Specifically, the team was tasked with investigating two separate but related solutions: a reservation system that would allow visitors to reserve parking spots ahead of time, and an on-site gate system that would enforce reservations.
Jauris explains that while the team had originally envisioned assessing multiple parking lots, once they arrived and began exploring the area they zeroed in on one spot that offered an ideal case study.
“When we were preparing for the project we looked at many different lots," she says, "but when we got there we realized that the biggest problem is on Cadillac Mountain, the highest mountain in the park and one of the most visited spots because of its beautiful views.”
The scenic mountain, which is also the tallest mountain on the eastern coast, quickly became familiar territory to the students. They stationed themselves at its summit to survey visitors about their opinions on using a reservation system and observe how long cars were parked in the lot during different times of the day.
Findings revealed that visitors would prefer to make reservations through a website or mobile app and pay an average of $5, and that cars were generally parked for 30 minutes or less at all times of the day.
The students also assessed the suitability of the land at the base of the mountain to determine how best to implement a gate system there.
“Our goal was to reconfigure the drive to get visitors to Cadillac Mountain as quickly as possible without creating long lines,” says Jauris. “At the same time, we wanted to minimize the impacts on the environment caused by expanding the roadway.”
To complement their findings and observations, team members conducted extensive research on the design and implementation of various reservation and gate systems. They also looked at case studies from other national parks, including Haleakalā National Park in Hawaii, which is the first national park to require visitors to make a reservation to visit one of its summits at peak times.
Finally, the team used simulation modeling software to determine optimal configurations for a gate system and performed a cost-effectiveness analysis on the various structures.
In the end, they provided the park with detailed recommendations for an online reservation system and connected mobile app that would require visitors to reserve spots during sunrise and sunset, and a gate system that would span two lanes of traffic and use automatic gates to read QR codes on printable reservation receipts. They further suggested that the park roll out the systems by conducting a trial for one-hour reservations during sunrise hours only.
Kelly hopes to use some of the students’ recommendations going forward as part of a new park transportation plan that is currently in the works.
“Our goal is to finish the transportation plan by the end of 2018,” he says. “Not everything can be put into action right away but, conceptually, a reservation system for Cadillac is something that could happen fairly quickly.”

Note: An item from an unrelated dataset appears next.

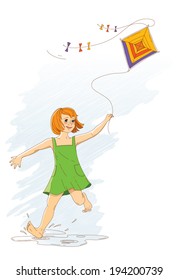 Vector illustration of a girl in a green sundress with developing hair in the wind, flies a kite.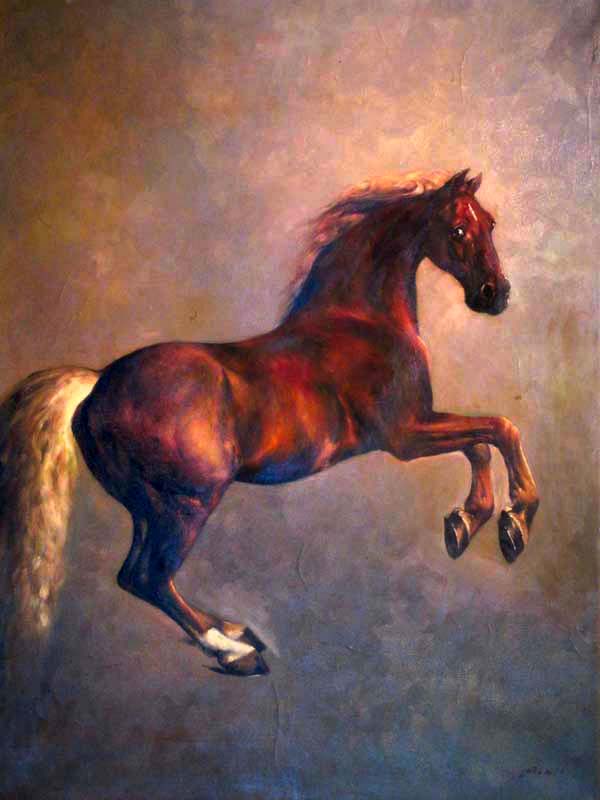 Horse studying old painting,  by  Zhouwei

While he believes all of the findings will be useful, Kelly says he was particularly impressed with the structure the team designed for the gate system.
“We had long thought that implementing a gate system at the base of Cadillac Mountain was not possible because it would cause long lines of traffic to back up onto the main road," he says, "but the students did a really interesting analysis showing that it is possible using a two-lane solution.”
He also hopes to continue to involve WPI students with the upcoming transportation plan.
“Once the plan is finalized there will be a lot more work to do, and I could definitely see WPI teams coming on board to take a closer look at designing and implementing different parts of it,” says Kelly. “It is really valuable to have WPI students from all different majors bring fresh eyes to problems like this.”
He adds, “The NPS has really appreciated the growth in our relationship with WPI and its students over the years. When the Bar Harbor Project Center first opened, we were not really involved with them, but now we are fully engaged. Our top management staff regularly attend student presentations and feel they add a lot of value.”